23 Environmental Rules Rolled Back in Trump’s First 100 Days

President Trump, with help from his administration and Republicans in Congress, has reversed course on nearly two dozen environmental rules, regulations and other Obama-era policies during his first 100 days in office.

Citing federal overreach and burdensome regulations, Mr. Trump has prioritized domestic fossil fuel interests and undone measures aimed at protecting the environment and limiting global warming.

OVERTURNED

1. Approved the Dakota Access pipeline. Feb. 7

WHO WANTED IT CHANGED? Republicans in Congress criticized President Barack Obama for delaying construction of the pipeline — which they argued would create jobs and stimulate the economy — after protests led by the Standing Rock Sioux Tribe. Mr. Trump ordered an expedited review of the pipeline, and the Army approved it.

2. Revoked a rule that prevented coal mining companies from dumping debris into local streams.
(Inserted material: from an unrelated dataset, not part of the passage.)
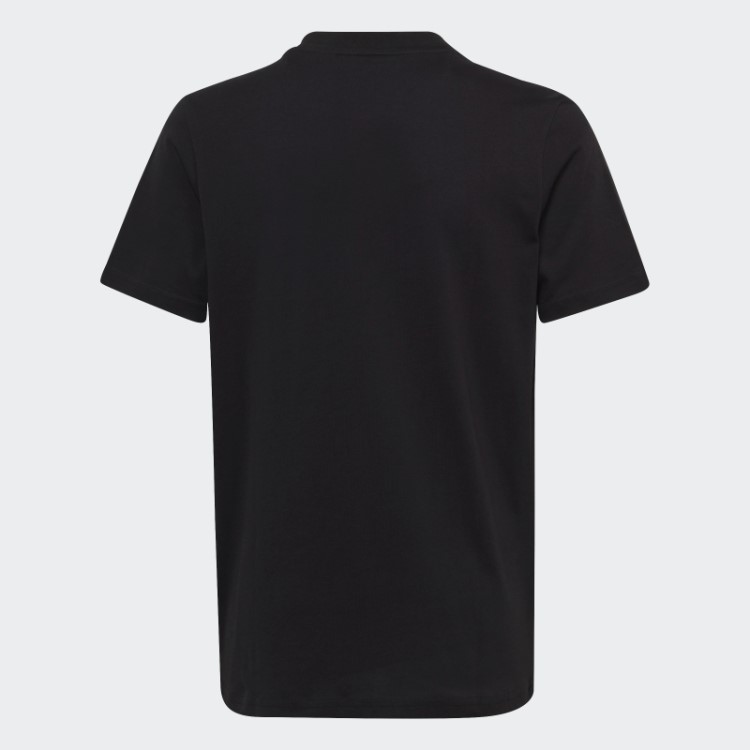 T-shirt De Algodão Com Logótipo Grande Essencial Adidas Preta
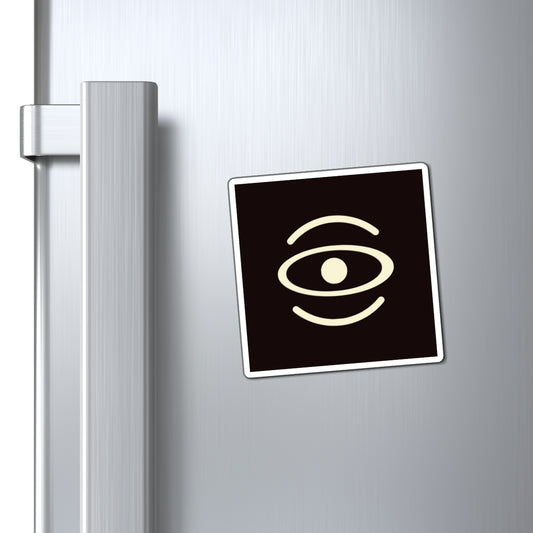 Jaha Logo Square Magnet - Smoke Signal Black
Feb. 16

WHO WANTED IT CHANGED? The coal industry said the rule was overly burdensome, calling it part of the war on coal. Congress passed a bill revoking the rule, which Mr. Trump signed into law.

3. Canceled a requirement for reporting methane emissions. March 2

WHO WANTED IT CHANGED? Republican officials from 11 states wrote a letter to Scott Pruitt, the administrator of the Environmental Protection Agency, saying the rule added costs and paperwork for oil and gas companies. The next day, Mr. Pruitt revoked the rule.

4. Approved the Keystone XL pipeline. March 24

WHO WANTED IT CHANGED? Republicans, along with oil, gas and steel industry groups, opposed Mr. Obama’s decision to block the pipeline, arguing that the project would create jobs and support North American energy independence. After the pipeline company reapplied for a permit, the Trump administration approved it.

5. Revoked an update to public land use planningprocess. March 27

WHO WANTED IT CHANGED? Republicans and fossil fuel industry groups opposed the updated planning rule for public lands, arguing that it gave the federal government too much power at the expense of local and business interests. Congress passed a bill revoking the rule, which Mr. Trump signed into law.